REVIEW: ACCEPT – “The Rise Of Chaos”
German titans Accept are gearing up to release their 15th studio album, ‘The Rise of Chaos’ on August 4th in a very special style. The band will be playing parts of the album live as part of their three-part set at Wacken Open Air’s A Night to Remember on the night of August 3rd. What a treat for Wacken pilgrims! This is an exciting record with great new material that will make Accept fans very happy.
Visually, this record’s cover is consistent with Accept’s style. It might look familiar to European fans, as it is the artwork of the bands last stage set, now lying in ruins. The cover highlights the theme behind the album as described recently by guitarist Wolf Hoffmann: “…The Rise of Chaos is something I have been thinking about often. It describes a condition which is slowly spreading around the world. With the stage setup on our latest European tour, we wanted to portray rather dystopian and destroyed scenery. If you now take a look at our new cover, it’s the same imagery. This time however you can also spot the invisible destruction that we feel more and more in these times, as well as the visible destruction.”
The first song on ‘The Rise of Chaos’ is “Live by the Sword.” The introduction to this song is trademark Accept; big drums and loud guitars. As the first riffs come in, the cadence of this track and the record is set to headbanging! Enter Mark Tornillo whose gritty vocals bring life to the song with snappy and concise lyrics. “Live by the Sword” has an addictive anthemic quality to it. The chorus arrives and it’s complete with all the trademark Accept hallmarks; a simple but still epic, and very easily chant-able “if you live by the sword/you will die by the sword.” Wolf Hoffmann’s first solo of the album is short and sweet, and fits “Live by the Sword” well. A great start to the album.
Title track “The Rise of Chaos” was recently released digitally by the band and is a high energy track with a good tempo. Hoffmann’s guitar soars over the opening riffs, as Tornillo growls into the first verse. Highlights including Tornillo’s high pitched wail over the chorus, Peter Baltes’ thundering basslines and Chris Williams’ heavy drums. Accept have recently revealed a video to “The Rise of Chaos” to add to the song’s experience.
“No Regrets” begins with the rat-a-tat of Williams’ snare drum. This track has a good balance of heavy riffs broken up with a slower pre-chorus tempo. Lyrics like “I’ve seen fame, misfortune, love and pain, but one thing still remains the same/nothing to forget/I’ve got no regrets” gives an air of reflection amidst the frantic nature of the song. Tornillo’s screech over the chorus at the end of the song once again showcases the strength in his voice.
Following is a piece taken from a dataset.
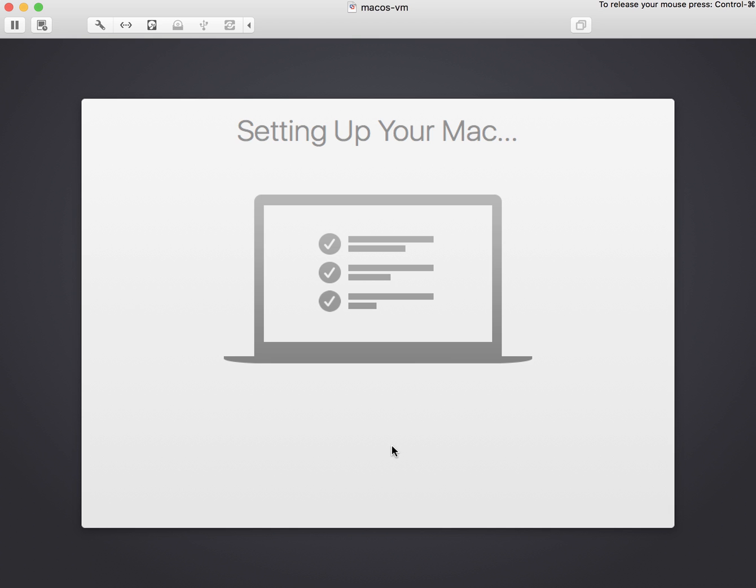It's going to take you through the initial setup phase. This is where it kind of transitions from the pre-stage environment over to the user's environment itself. Do the initial login as the user and take us to the user's desktop.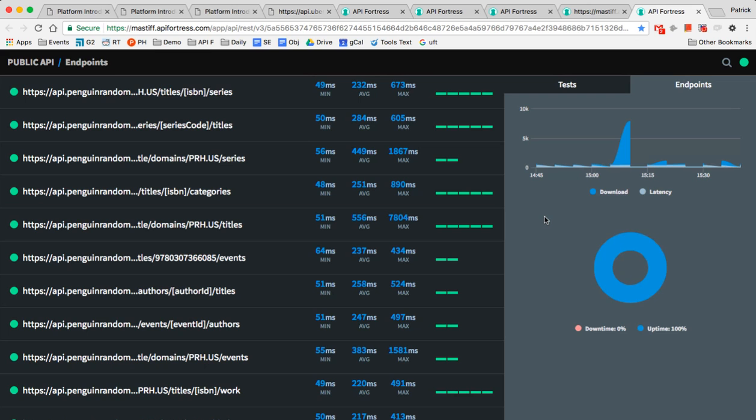We're not just testing for performance. We're not just testing for uptime. We're testing for accuracy and functional uptime. Only 10% of API errors are caught within 24 hours, and it's because we're not testing for accuracy today. And that's exactly what API Fortress looks to fix without requiring you to write any code.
If there is one thing about the album that seems strange, it’s “Analogue Man.” Having tech phrases written into a metal song is a strange combination, and hearing Tornillo sing about cloud storage and data plans sounds out of place. Having said that, musically “Analogue Man” is excellent, and the lyric “Don’t need no wifi/just want my hifi” is really fun. I think I’ll need to listen to this one a few more times to get over my mental image of our analogue man struggling with connecting his laptop to OneDrive.
Penultimate track “Carry the Weight” explodes into existence with adrenaline-filled guitars. Within the frenzied pace of this track and despite the rage in Tornillo’s lyrics, there’s a softness in the end line of the chorus “…don’t carry the weight it’ll turn your heart to stone.” The classical influence is present here too, something I hear more consistently throughout this record, perhaps since Hoffmann’s release of ‘Headbangers Symphony’ in 2016. “Carry the Weight” is an excellent song and a highlight of the record.
Overall, ‘The Rise of Chaos’ is a powerful addition to Accept’s discography. It’s got all the aspects of the band that I love: powerful riffs, anthemic choruses, with a hint of classical influence. I’m impressed with the strength of Tornillo’s vocals in this record and the slightly sassy vibe in the lyrics throughout the record. I love Accept’s commitment to their own development, while remaining true to who they are. When asked about the album’s development at the end of 2016, Hoffmann said “we’re trying to sound how we always sound, just better and stronger than ever.” ‘The Rise of Chaos’ is indeed a strong sounding Accept. Fans of the band will appreciate this record, and those lucky enough to see it played live will be in for a real treat.